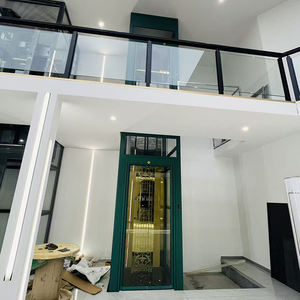 Ascensor Residencial de 2-3 Pisos, 300 kg, con Certificado CE, en Venta - Product Image 2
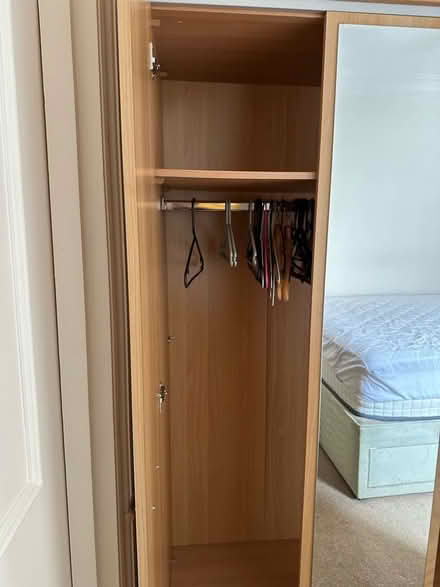 Photo of free Wardrobe- very good condition (Westbourne Green W2) #3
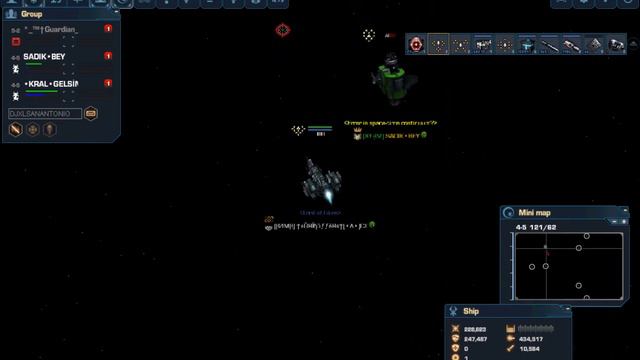 Dark Orbit: Common Enemy (West Coast) смотреть онлайн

******

Task to carry out: Transcribe the material exactly, leaving every picture out.

Response to the task:
 Ascensor Residencial de 2-3 Pisos, 300 kg, con Certificado CE, en Venta - Product Image 2
 Photo of free Wardrobe- very good condition (Westbourne Green W2) #3
 Dark Orbit: Common Enemy (West Coast) смотреть онлайн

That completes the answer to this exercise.